Çocuk evliliklerinin oransal olarak en çok olduğu ilk 10 ilin 9’u Doğu ve Güneydoğu Anadolu  Bölgelerinde olup diğer il ise Niğde’dir.kız çocuklarının en çok evlendirildiği il %11,4 oranı ile Ağrı olup, Ağrı’yı sırasıyla Muş, Ardahan, Kars, Bitlis, Kilis, Niğde, Van, Gaziantep ve Siirt takip etmektedir. Evlendirilen kız çocuklarının sayısı olarak bakıldığında ise ilk sırada 1.001 kız çocuğu ile Gaziantep ili, son sırada ise Tunceli ili yer  almaktadır. 2020 yılında Tunceli’de hiçbir kız çocuğu evlenmemiştir” 

“TOPLUMDA ÇOCUK EVLİLİKLERİ NORMALLEŞTİRİLİYOR”   

Çocuk yaşta evliliklerinin altında yatan nedenler, çocuklar üzerindeki etkileri başta olmak üzere çocuk evlilikleri ile ilgili bilgi, tutum  ve davranışlarını ölçümlemeyi ve farkındalıklarını geliştirmeyi amaçlayarak 18 yaşından  büyük toplam 1.545 kişi ile saha araştırması yapan İMDAT Derneği bulgularını şöyle sıraladı: 

Çalışmaya katılan 1545 kişinin 1264’ü 18 yaş ve altını çocuk evliliği olarak nitelendirirken 281  kişi çocuk evliliği için eşik yaş değeri olarak daha küçük yaşları (17-12) belirtmiştir. Hatta 21 kişi, sadece 12 yaş altındaki kişilerin evlenmesi halini çocuk evliliği olarak belirtmiştir. Bu 21 kişinin 17’si üniversite mezunu veya üniversite öğrencisidir. 
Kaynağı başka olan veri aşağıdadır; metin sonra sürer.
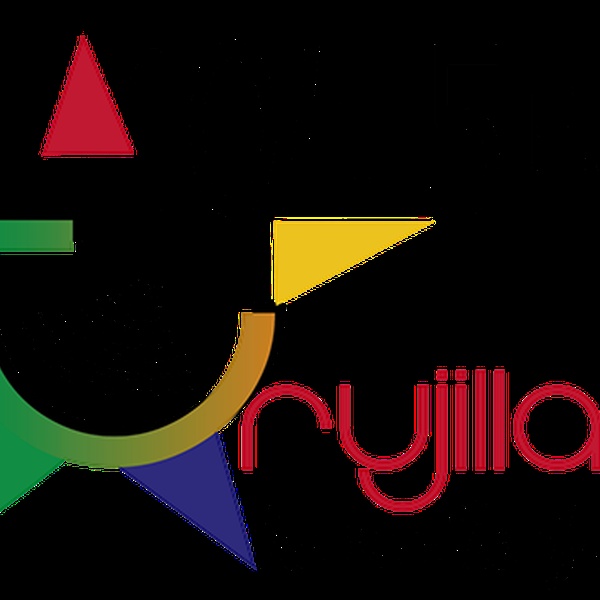 Trujillana Stereo 104.5 FM Logo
Eğitim, yaşanılan il, meslek ve cinsiyet gibi demografik faktörlerden bağımsız olarak  genel olarak toplumun çocuk evlilikleri konusundaki farkındalık ve bilgi düzeyi düşüktür. 

Katılımcıların neredeyse yarısı çocuk evliliği tehlikesiyle karşılaştığında nereye  başvuracaklarını bilmemektedir. Araştırmaya katılan toplam avukat ve hukuk fakültesi öğrencilerinin de yüzde 31’i çocuk evliliği tehlikesiyle karşılaştığında nereye başvuracağını bilmemektedir.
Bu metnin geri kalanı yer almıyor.